PROBLEM DETAILS → Reproduce the line with "Dimmu Borgir, Tons" and everything after it in the listing below, exactly, both ends included. No pictures.

DATA EXTRACT →
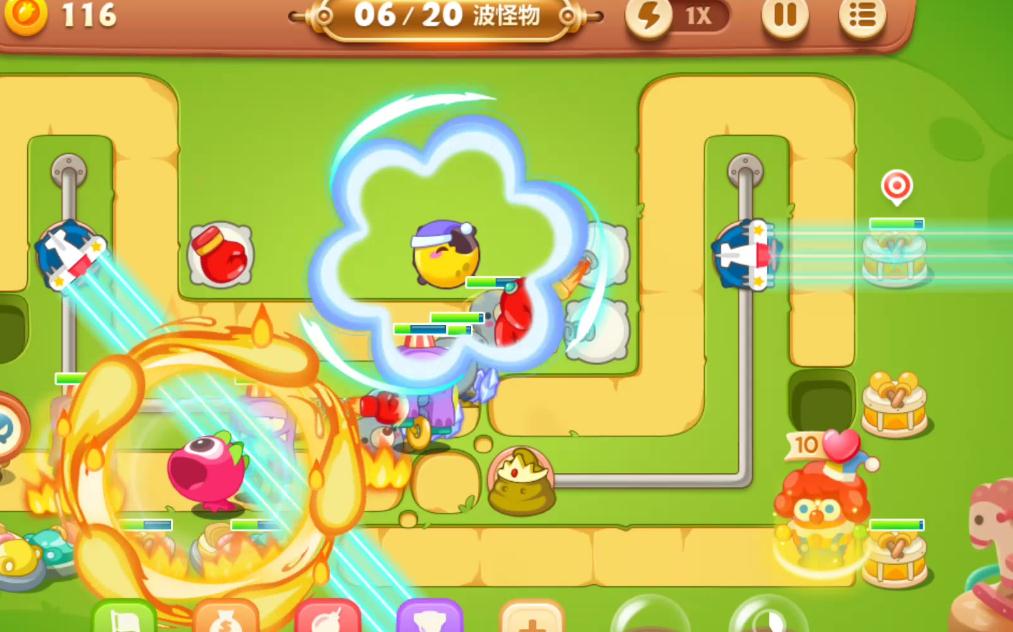保卫萝卜2中的甜瓜大炮如何使用 保卫萝卜2中的甜瓜大炮如何使用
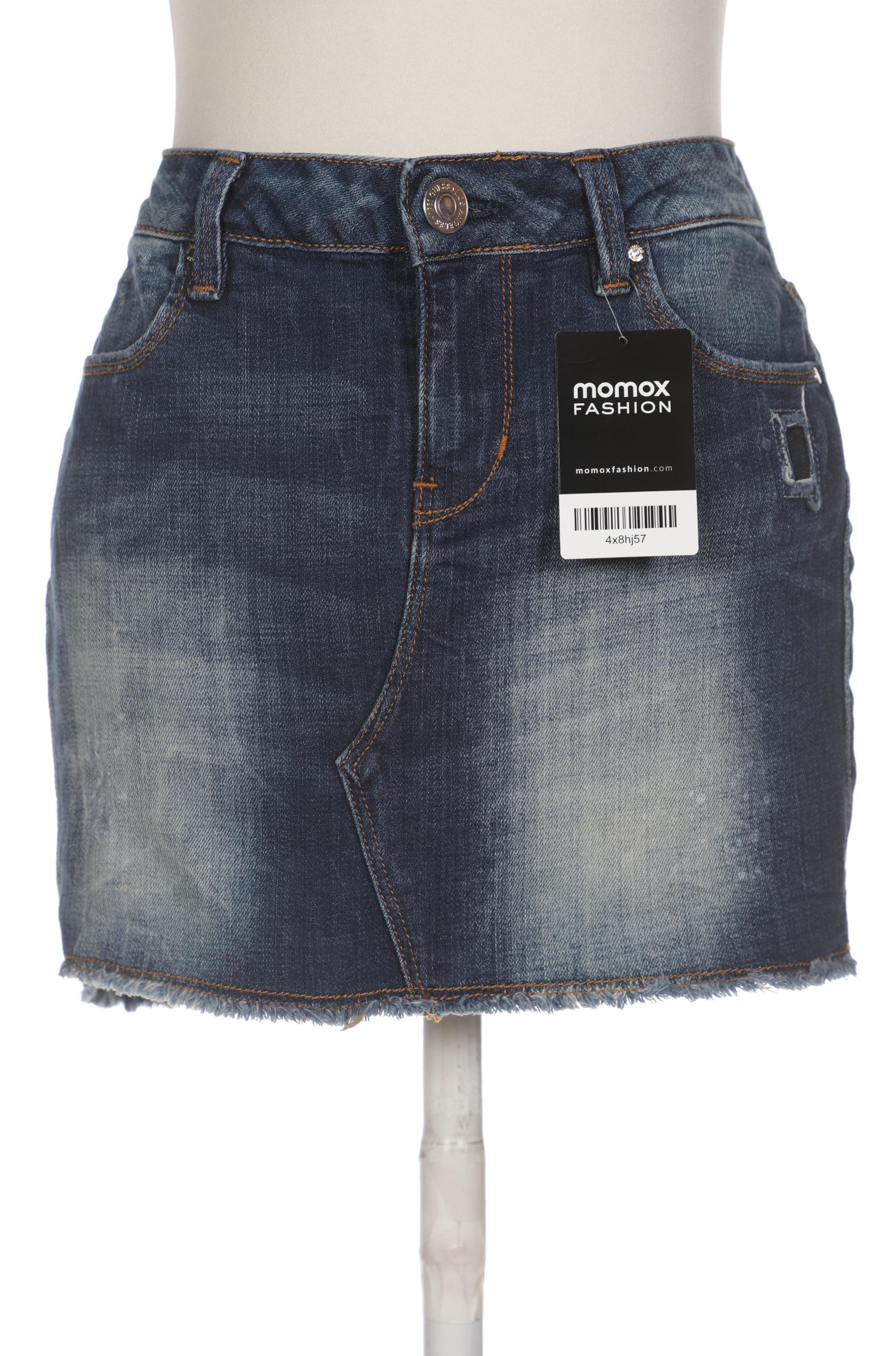 

Guess Damen Rock, marineblau, Gr. 27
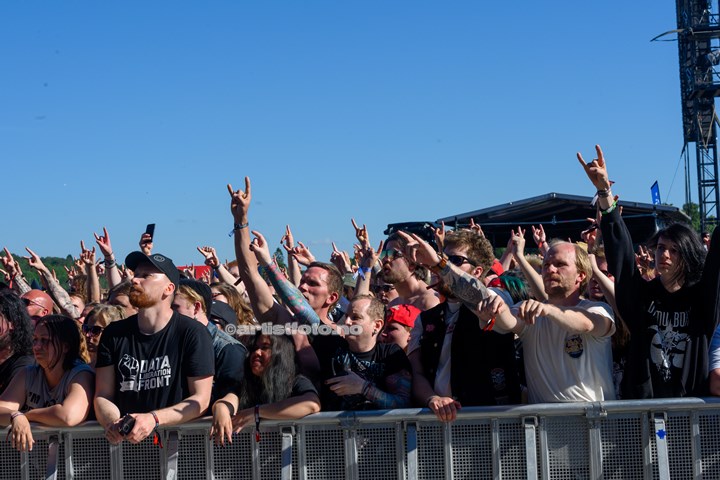 Dimmu Borgir, Tons of Rock 2022. Foto: Svein Erik Nomeland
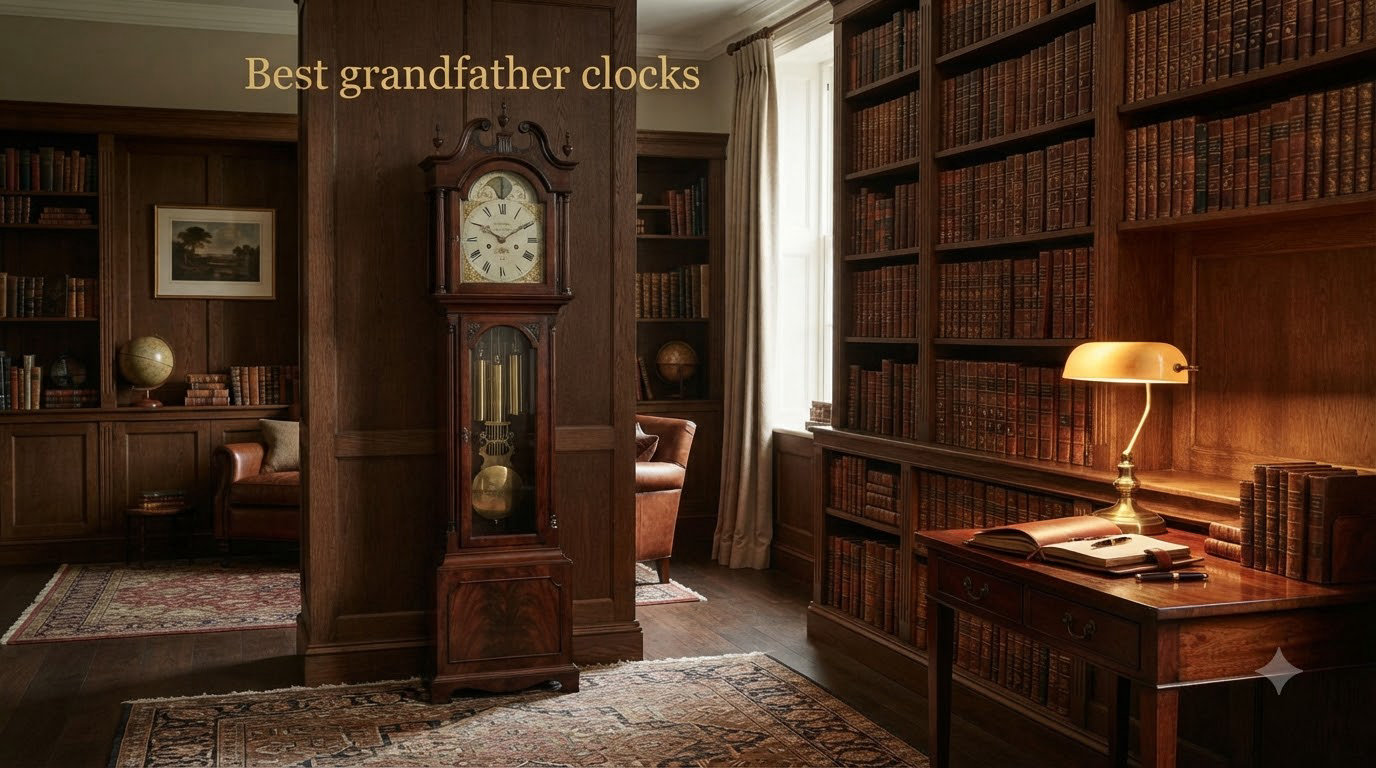 8 Best Grandfather Clocks (August 2026) Tested & Reviewed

THE ANSWER →
 Dimmu Borgir, Tons of Rock 2022. Foto: Svein Erik Nomeland
 8 Best Grandfather Clocks (August 2026) Tested & Reviewed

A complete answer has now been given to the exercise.